Longtime, local ski instructor Terry "Toulouse" Spence resigned this week after more than two decades at Whistler Blackcomb over ongoing concerns about the wage disparity between Canadians and temporary foreign workers.
Specifically, he called out Whistler Blackcomb for paying temporary foreign workers $15.30 per hour for standby, a minimum wage the company is mandated by government to pay, as opposed to the $10.25 for other instructors on standby.
Though standby pay is a small amount of overall compensation, the issue became a tipping point for Spence, who has not only seen the cost of lessons increase over the years without corresponding wage increases for instructors, but also the increase in total compensation amounts for executives (made up of base salary and performance based incentives) far outstripping the pay increases for the workers on the ground.
"What my regret is, is that the company doesn't recognize that the local guys have built the ski school to what it is today and they're not being rewarded for it," said Spence, 72, who initially was reluctant to voice his concerns publicly and then had a change of heart.
"It's time for me to go. If I don't agree with the way they pay me and if I don't agree with the way the school is run, then I shouldn't be there."
Whistler Blackcomb had just over 100 temporary foreign workers on staff this year — high-level ski and snowboard instructors, brought in from Romania, Spain, Mexico, South America, Australia, the U.K., and Japan. That's down from 350 workers a decade ago.
"Over the years we've been reducing the number to a point where next year we're going to be at about 2.3 per cent of our total workforce," said Joel Chevalier, WB's director of employee experience, adding that would translate to about 90 employees. All temporary foreign workers need at least a Level 2 certification, and many are top talent when it comes to teaching on the slopes.
They are valuable assets for the company, he said. As WB looks to grow its customer base, it will likely always need some temporary foreign workers with language skills to address its diverse clientele — and there are not enough Canadian workers with these skills to fill the positions.
"They do an amazing job from a service (standpoint)," said Chevalier. "A lot of them speak multiple languages. And a lot of the folks from Romania have multiple disciplines as well, they can teach skiing and they can also teach snowboarding at a high level."
Under the government program, they are able to work in Canada for 48 months, or eight ski seasons. That program also requires that the workers have 20 hours per week on average, a point negotiated specifically by Whistler Blackcomb to allow the company to calculate the 20 hours per week on a season average.

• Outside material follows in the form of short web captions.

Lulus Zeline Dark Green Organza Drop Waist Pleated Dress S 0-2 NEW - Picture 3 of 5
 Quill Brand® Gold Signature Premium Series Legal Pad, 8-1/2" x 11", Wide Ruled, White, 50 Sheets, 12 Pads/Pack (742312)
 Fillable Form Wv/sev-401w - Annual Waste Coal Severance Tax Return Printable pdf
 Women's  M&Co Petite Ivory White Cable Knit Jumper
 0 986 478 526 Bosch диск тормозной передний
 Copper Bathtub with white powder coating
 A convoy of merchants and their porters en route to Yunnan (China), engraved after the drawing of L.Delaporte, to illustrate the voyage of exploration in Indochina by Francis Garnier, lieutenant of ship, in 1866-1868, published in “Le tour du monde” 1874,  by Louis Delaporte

When asked if the 20-hour average was impacting Canadian instructors, Chevalier said it doesn't. It has not resulted in preferential treatment, he said.
"We've had a few questions and we've just been taking a look at it recently. But when we sat down with our snow-school leadership, they showed me the ranking system and it doesn't," he said.
That list is based on the number of requests an instructor gets for private lessons plus a quarter of their total teaching hours. In other words, the more they work, the higher up the list they will rank. There are four temporary foreign workers among the top 10 in that list, 19 in the top 50.
Seventeen-year-veteran ski instructor Paul Venner also takes issue with the program against the backdrop of other factors.
Instructors have seen the rise in the price of their lessons, but have not seen any significant pay rises.
Venner said he got a 15-cent-per-hour raise this year, from $33.60 to $33.75.
"That's an insult."
He added: "There is a huge difference between what they charge and what they pay."
The cost of a full-day private lesson this season is $699, before tax. At $33.75, Venner would earn $202, before tax.
Meanwhile, executive compensation based on incentives, salary and performance pay in the last three years has risen by double digits in some cases — though significant it is not out of line by industry standards, say experts.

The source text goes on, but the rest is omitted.